False Alerts - 19 December 2011
The perennial complaint about watch-list filtering is that there are "too many false alerts". Before we can deal with this, we must define what we mean by a false alert and what the client means by "too many".

Unfortunately, the alert handlers only see the alerts, of which it is quite normal for 99% or more to be eventually identified as false. They forget completely the 97% or more customer names and transactions that the software passed automatically and which, without the software, they would have had to examine individually. So, for example, if the alert rate is a reasonable 3%, a screening of 10000 customers or transactions would be expected to generate 300 alerts. That means there are 9700 decisions that have been made without human intervention. If, of those 300, maybe 3 are expected to actually be the people on the list, this is still only 297 instead of 10000 that have required manual intervention to pass them. The first stage in managing the user expectation is to point out the number of decisions they don’t have to take at all, which is normally many more than those they have to take that turn our to be false.

The second part of managing false alerts needs, I believe, a new definition. This I call a "Valid Alert". A valid alert is one that we expect the software to generate.

Any string matching/search software has limitations, particularly when looking for “close” as well as exact matches. In fact, with name searches, even exact matches can turn out to be false, names are not unique identifiers. If there is a John Smith living in London, UK on the list and there is a John Smith living in London, UK who is a customer then, if the filter only checks Name, City and Country an alert will be raised against this customer, even if he is not the same John Smith. In this case, despite the alert being false, it is still valid that the software raised it. The diagram below illustrates the possibilities for watch-list filtering.
Alert representation
The extreme left represents names that are not on the reference list, the extreme right those who are. Between these extremes, there are three regions: The False and True alerts together consitiute what I call Valid alerts; those we want the software to generate. However, the boundaries of these regions are not well defined. The difference between a True and False alert can only be decided by reference to the Customer Due Diligence carried out on the customer to verify that they are a reputable person. It is both possible that a person with a name very close to that on a list, or even an exact match, is not the same person or that a person with a name which doesn’t appear to be a close match is in fact, the criminal against whom a sanction applies.
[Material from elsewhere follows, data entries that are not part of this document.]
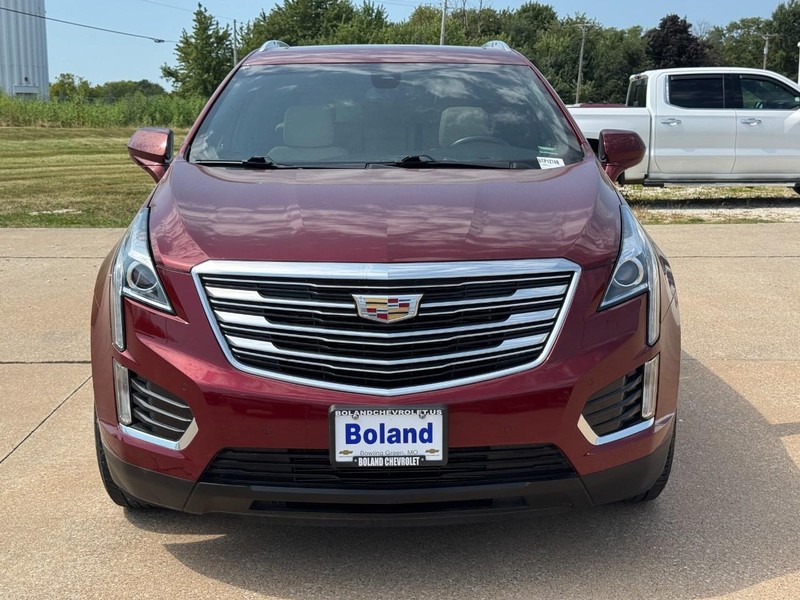 Cadillac XT5 Vehicle Image 09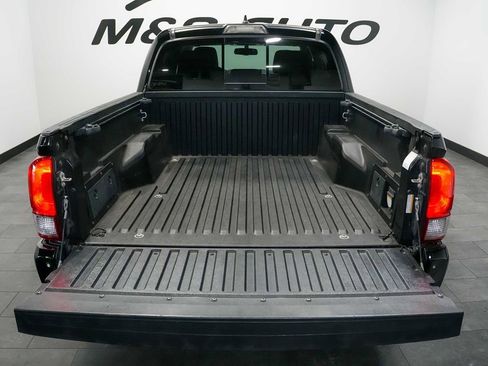Used 2017 Toyota Tacoma TRD Sport RWD image 24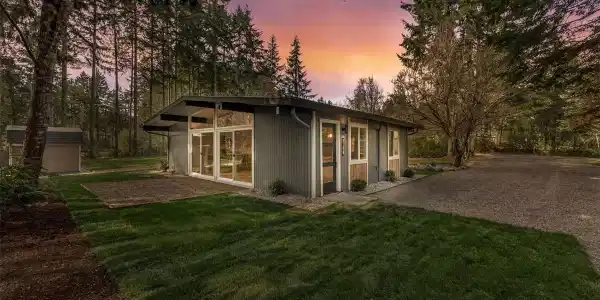 6198 Clover Valley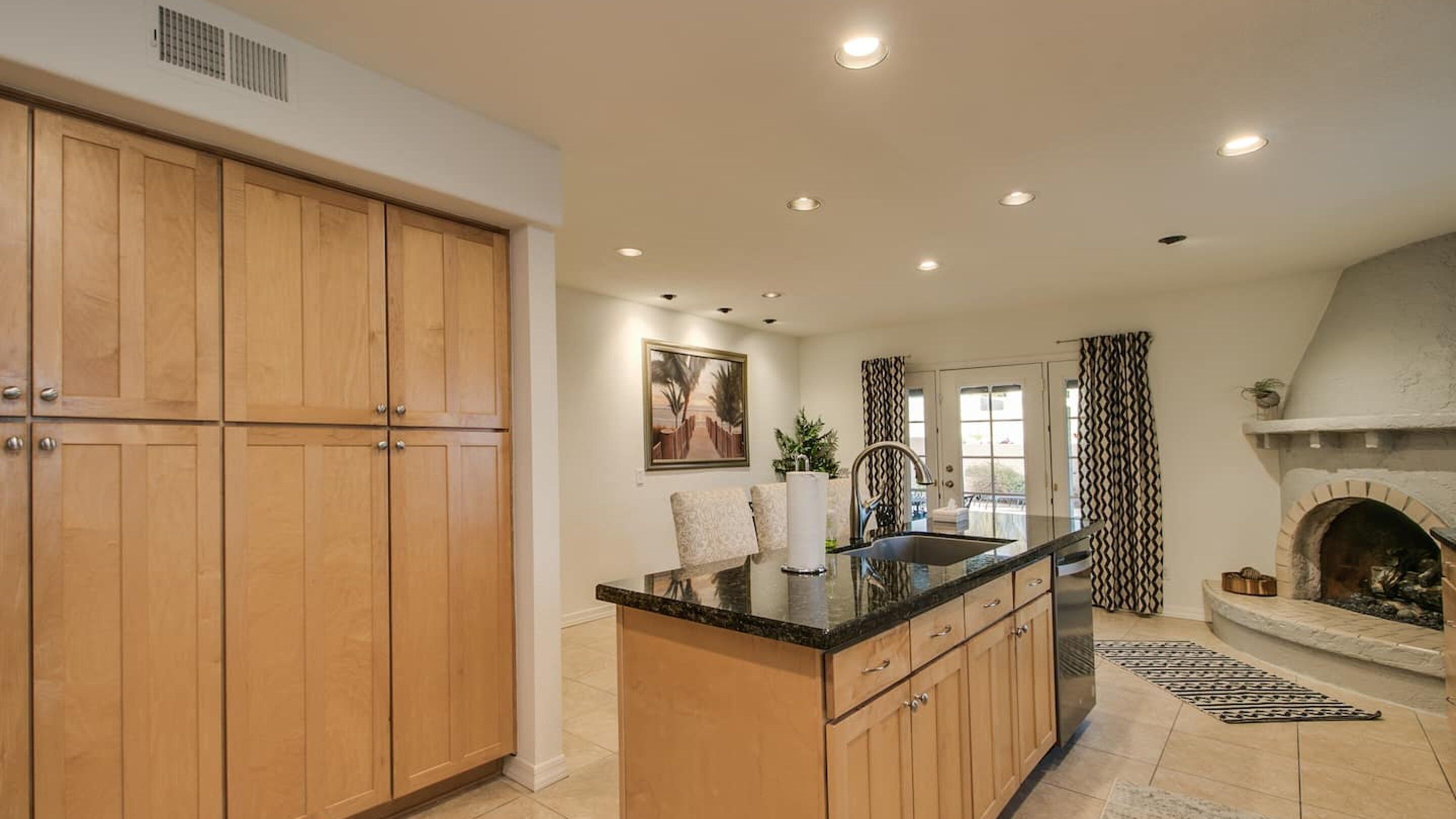 Casa (4 Bedrooms) | Cozinha privada | Geladeira, micro-ondas, fogão, mesas de jantar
The border between an alert being raised or not is defined by the way the filter is configured. In some cases, for example domestic PEPs, it can be required that an alert is not raised even if the customer is the person on the list. The challenge is to agree with the business what is an acceptable Valid alert and so configure the filter to move the boundary between No Alert and False Alert as far to the right as possible without, of course, introducing a risk of missing a true alert.

The important point here is the agreement with the business. This is not a purely technical decision. Every business will have a different risk appetite and a different perception of the cost-benefit of employing alert handlers against risking missing true alert. A small private bank with 1000 high net-worth customers could probably accept a 10% alert rate – 100 alerts is not a huge number to deal with and the money laundering risk in private banking is high. A large retail bank with 10 million low risk customers would have to employ a whole department of alert handlers to deal with 1 million alerts and might never catch up a backlog, so they would be looking for a much smaller alert rate. The definition of what makes a valid alert is not fixed, but dependent on the perception of the business.